I have heard of the benefits of raw and if adding some more raw veggies into my diet of cooked meat is beneficial, then why not? I was going to start with smoothies, going on a blender bender. Unfortunately, almost all the recipes I found call for fruit (natural sweetener, flavor, and fiber) which  I can't have on this diet, say nothing of the dates I have been slowly eating for the past few weeks. I know, I know, but I don't have the heart to throw that money away. Of the ones that I found which did not include fruit, they had some weird ingredients. Weird, as in I had never heard of them and had to think of where specialty or Asian food markets might be. This was a big deterrent, I won't lie. If I am going to drop some serious moola on 10 ingredients that I only use 1 teaspoon a pop on, I need to be able to use it for something else. That proved slightly more difficult. Especially trying to convince myself that I could eat just this one type of smoothie until the items are gone. Eh, I still haven't tried it. But I am keeping the option open and in the back of my mind. Anyone have a favorite raw smoothie recipe or site they want to share?

Despite my enthusiasm last Tuesday, published on Wednesday, my Day 3 should have been on Thursday and wasn't.
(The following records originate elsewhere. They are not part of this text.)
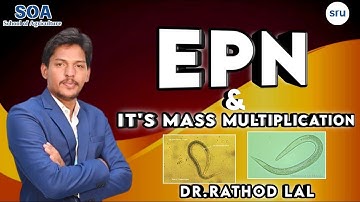 EPN and Its Mass multiplication
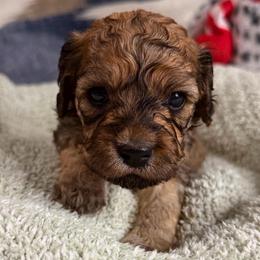 Cinnamon - Sable female Cavapoo puppy in Spokane, Washington from PJE Cavs and Poos
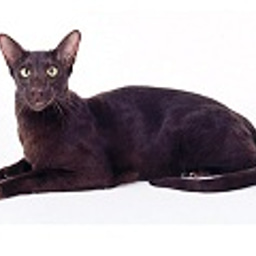 image of Ethel60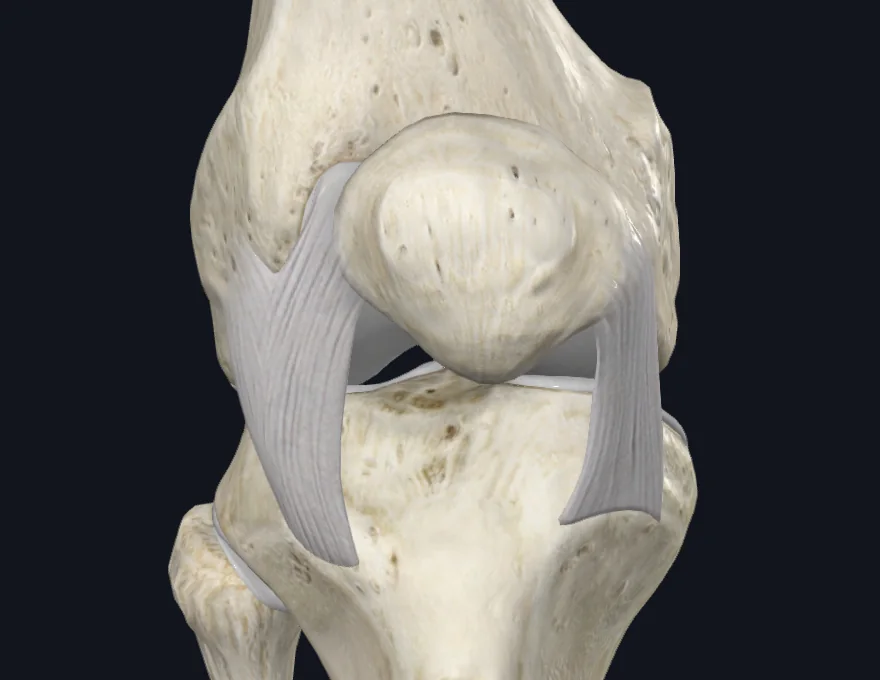 Patellar Retinaculum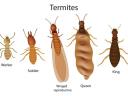 Termite Control Melbourne logo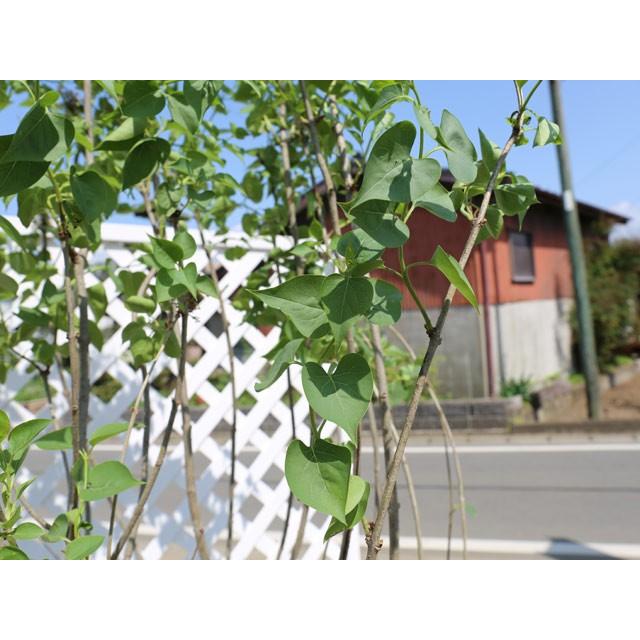 予約販売品 ライラック 1 2m露地 2本セット 送料無料 1年間枯れ保証 シンボルツリー落葉 在庫有 Www Technet 21 Org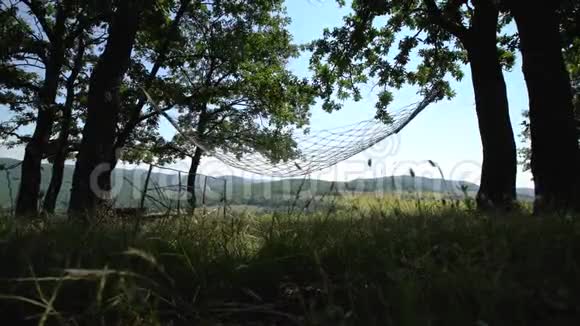 在葡萄园附近的树下荡起吊床视频的预览图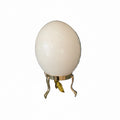 Ostrich Egg on Brass Stand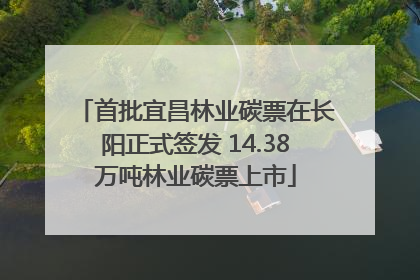 首批宜昌林业碳票在长阳正式签发 14.38万吨林业碳票上市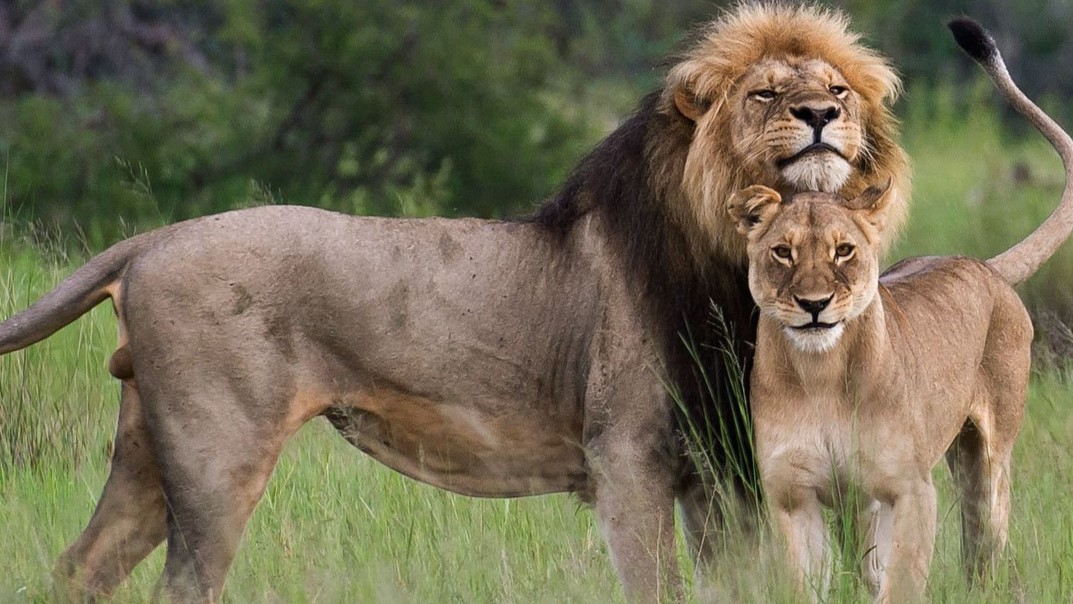 Discovering East Africa: Kampala, Kigali, Nairobi Expedition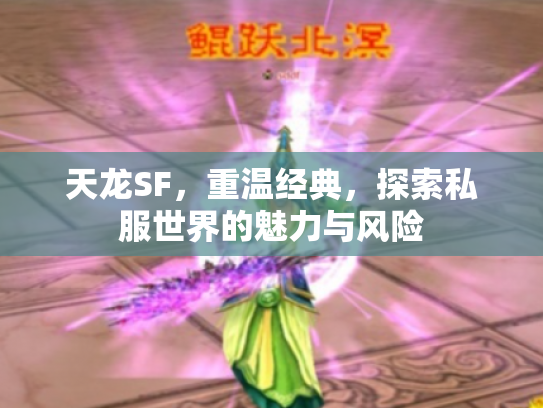 天龙SF，重温经典，探索私服世界的魅力与风险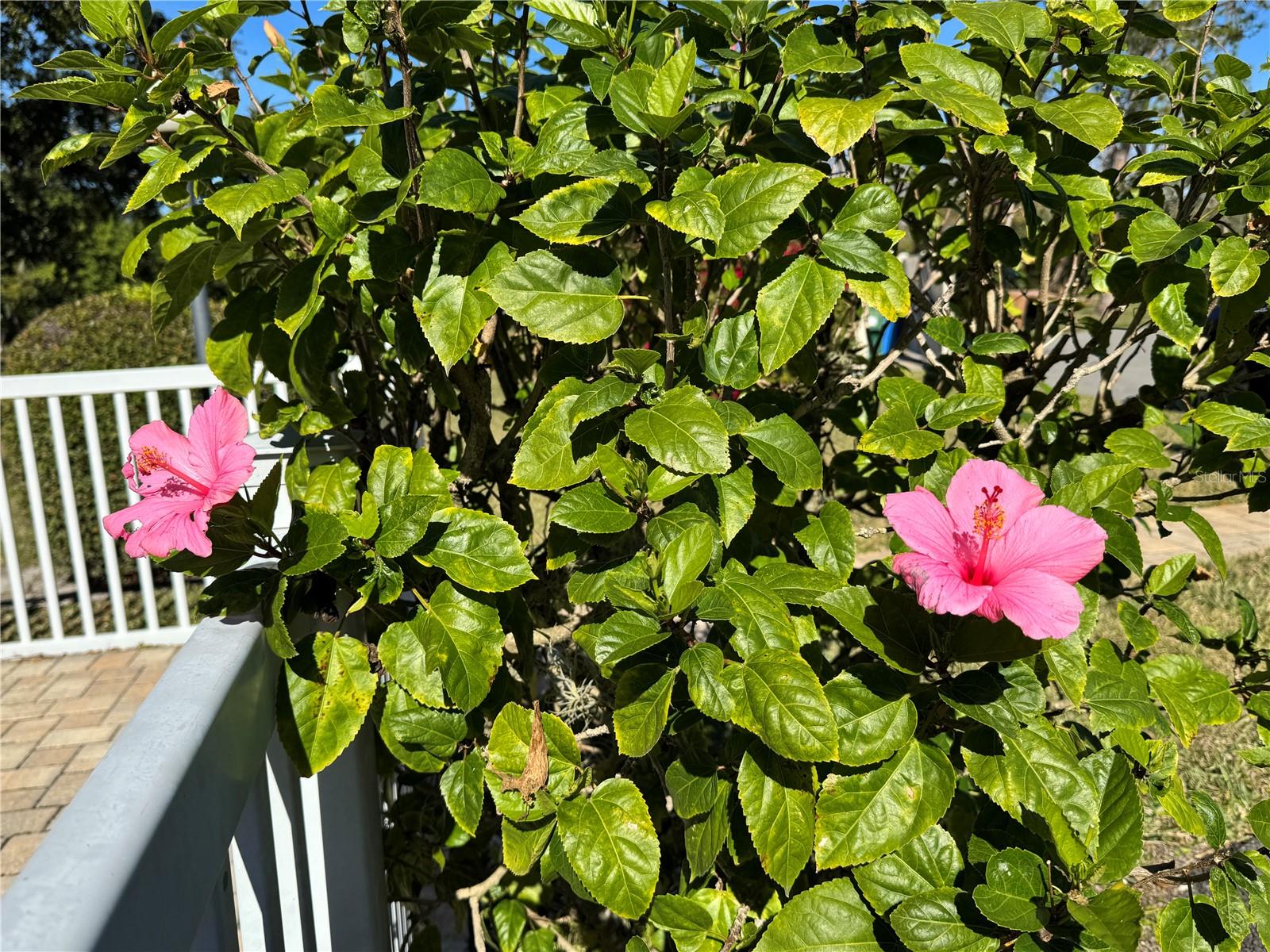 Image 52 of 57 For 5124 Harpers Croft  7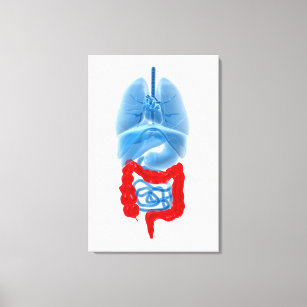 X-Ray Image Of Internal Organs With Large Canvas Print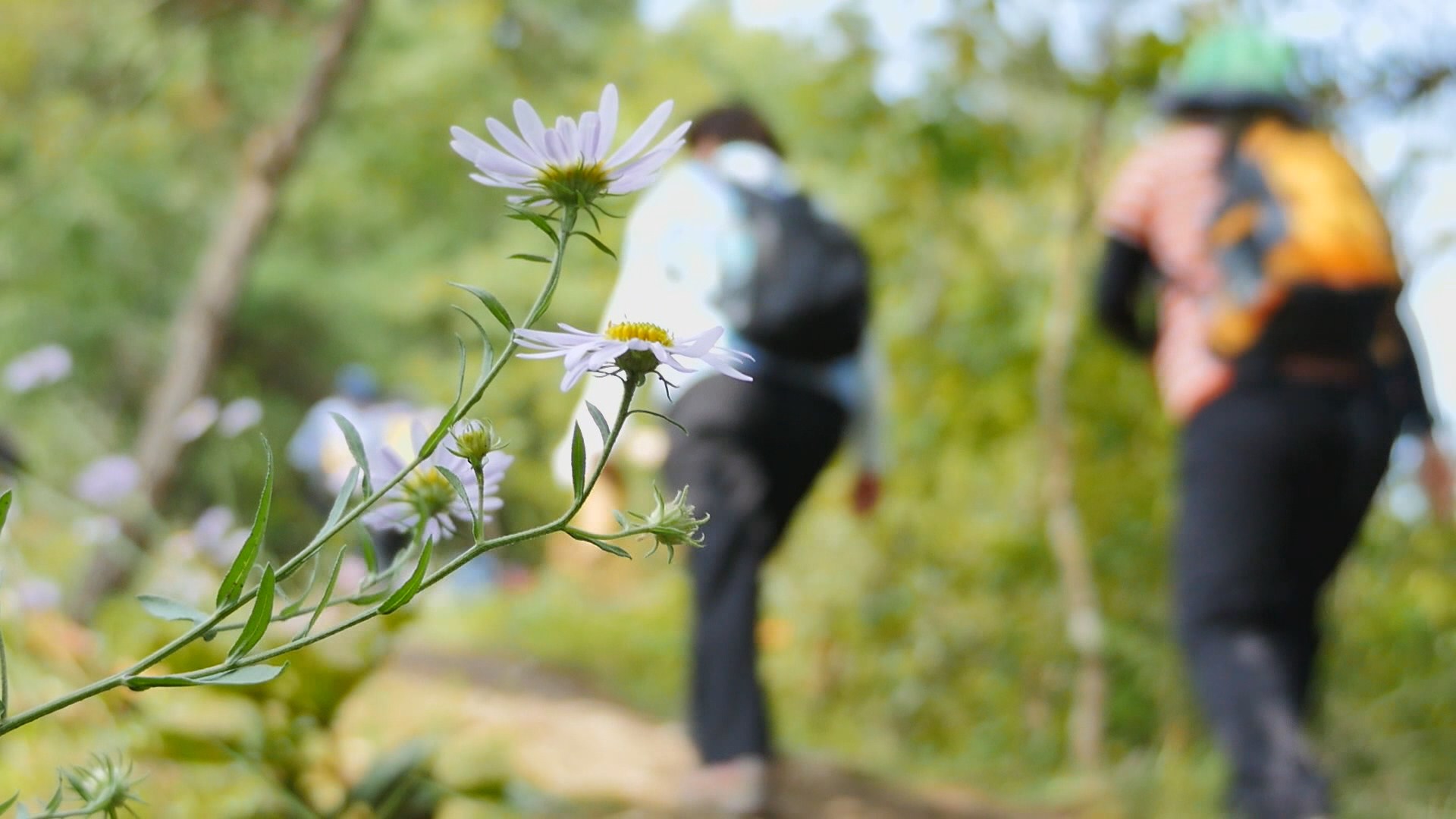 가을산 불청객…"독버섯·뱀 조심하세요"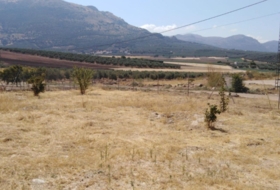 Archidona 1400&nbsp;m² 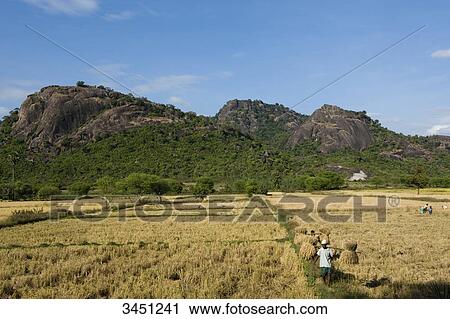 India, Orissa, near Bhawanipatna, rice harvest View Large Photo Image Stock Image - India, Orissa, near Bhawanipatna, rice harvest. Fotosearch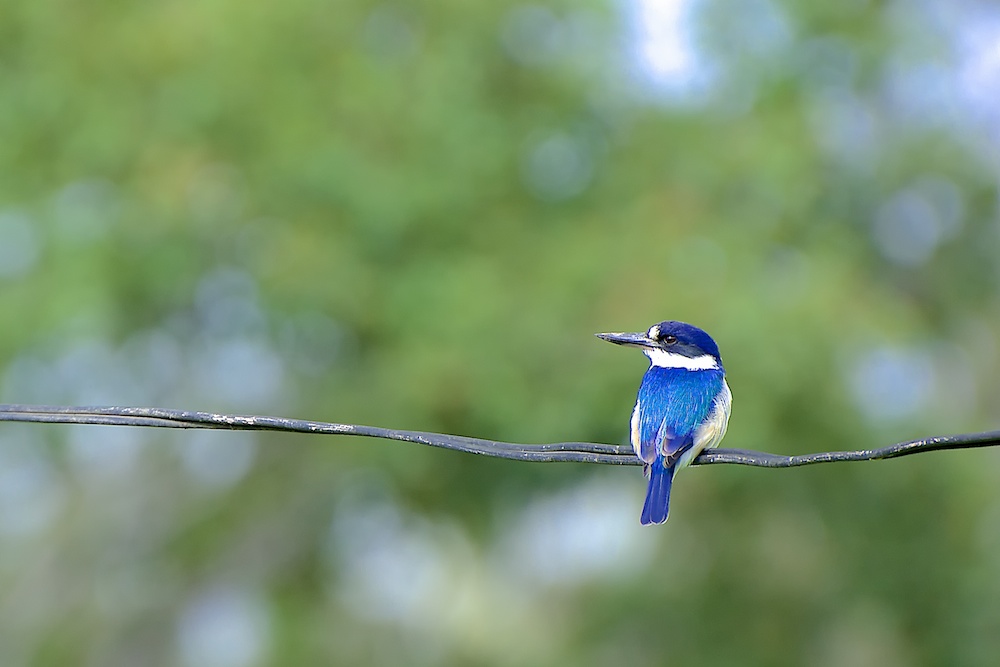 DSC_6207.jpg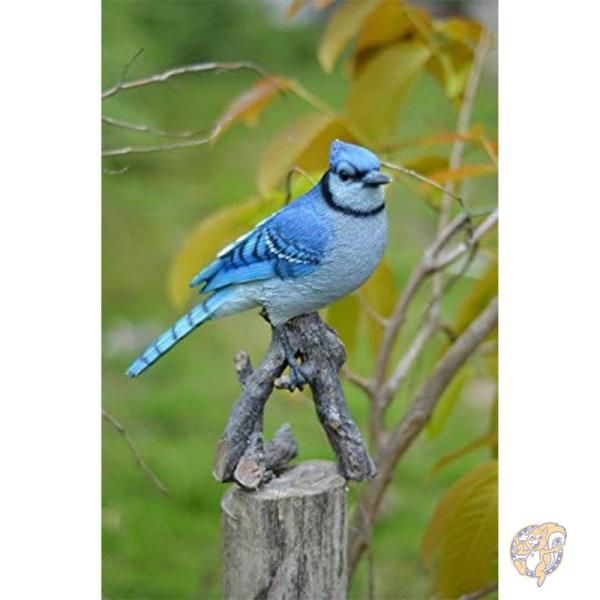 楽天市場】【クーポン配信中】鳥 置物 ブルージェイ 枝に止まった鳥の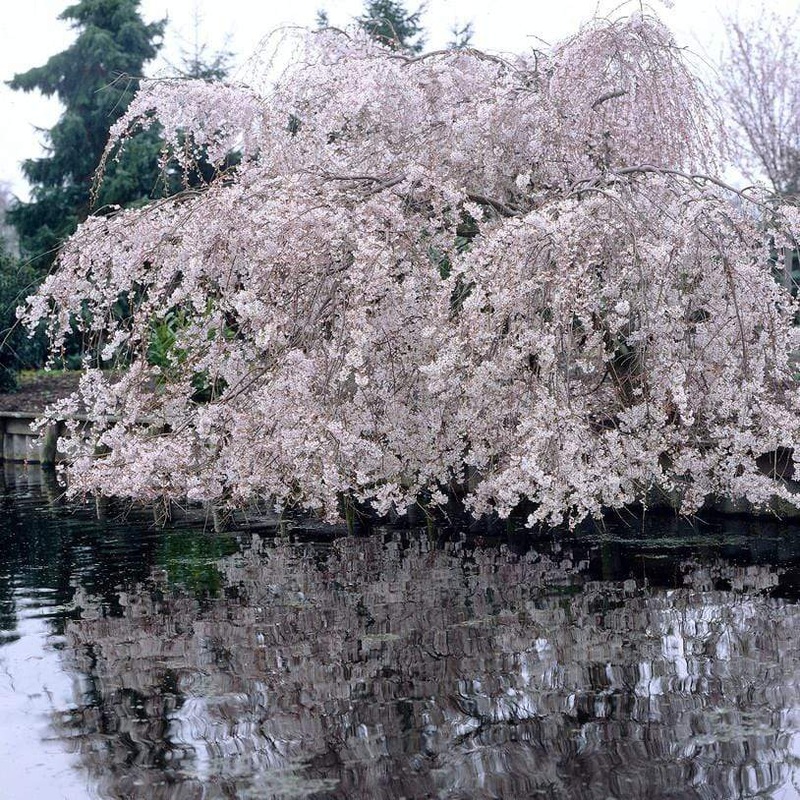 Weeping Yoshino Cherry Blossom Tree | Prunus yedoensis 2 Year Old Tree in a 9L Pot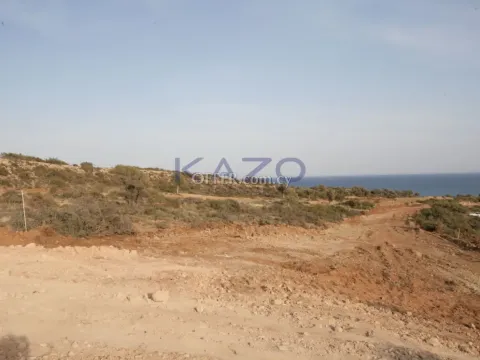 Large Sea View Field for Sale Pissouri Area - 6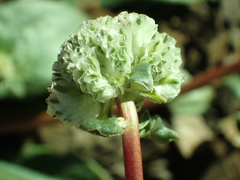 Calyptridium monospermum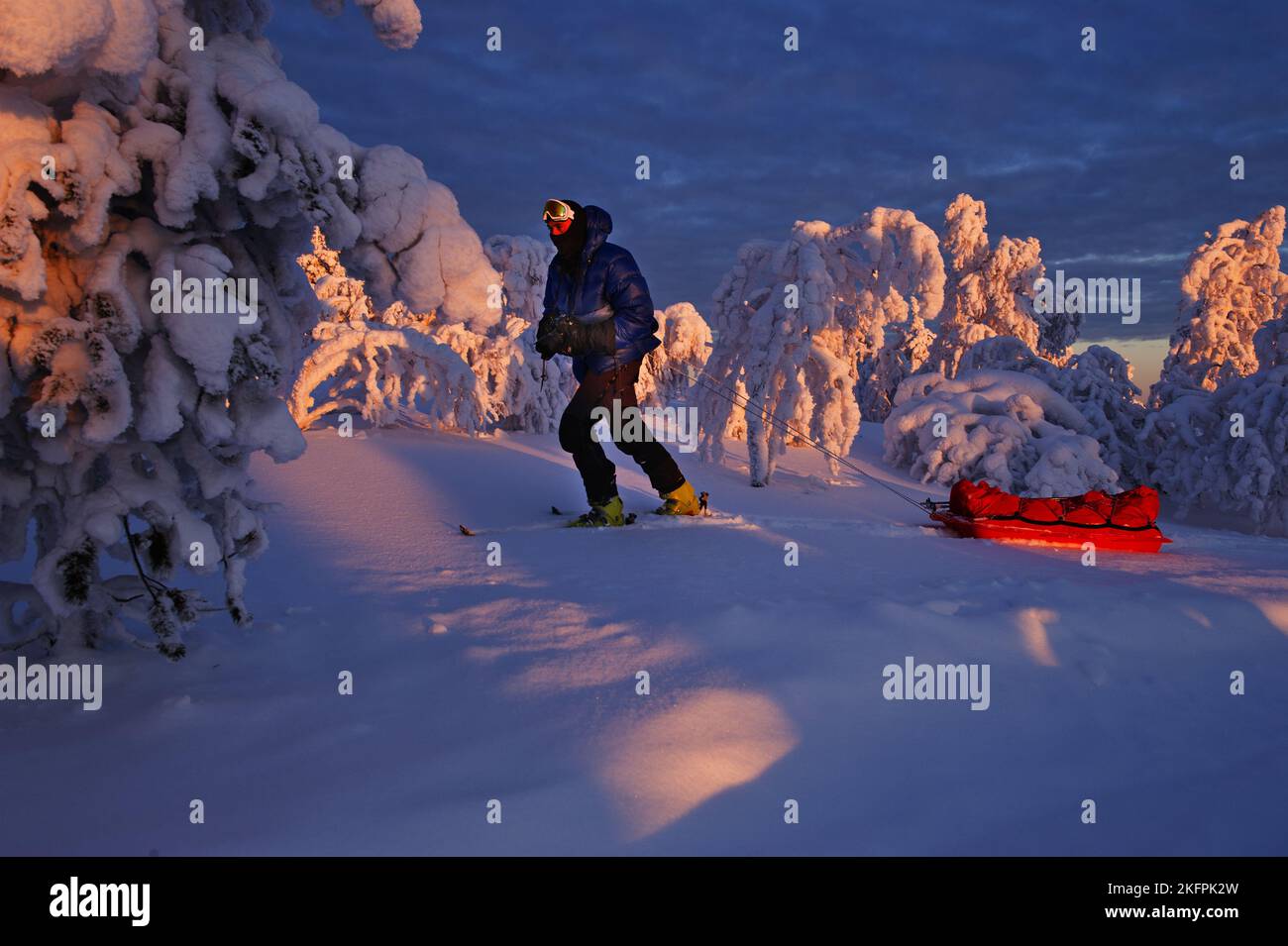 Finland. Lapland. In the heart of a national park, a man pulls his sled Stock Photo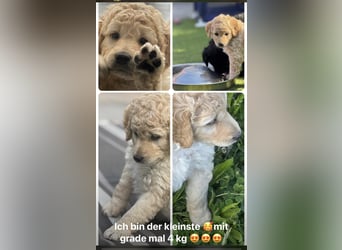 Labradoodle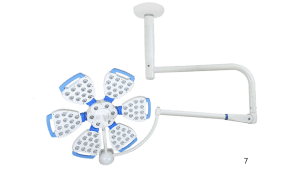 a flare series 7 petal double dome OT Light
I had an invite with some friends to go out Wednesday night, and it was a seriously late night, but fun and a bonding experience. I did go to Tai Chi in the morning, managed to miss the warm up because I was so exhausted. Bad form, bad form. During the low crouching move one of my knees started to seriously hurt. I expected the worse. Might have taken a pain reliever, but went on with my day. A friend needed a ride to buy a car and I stayed since I had nothing else to do. My run could happen at night while dinner was cooking-fish, yum! While sitting there, just after it was realized she had no payment from the bank but got it faxed over just before the office closed (don't ask), I felt confident I could leave. Not that I needed to be there, but I just had that feeling..........And then a slight panic set in. I had a social coffee to be at at 6pm. It was 5 then. I had enough time to drive home, beat rush hour traffic, put on decent not work out clothes and head over there to be a bit late. By the time I got home I was exhausted from the last 24 hours, having eating almost nothing-yeah, I was out of the house almost the whole day so no water either-and was hungry.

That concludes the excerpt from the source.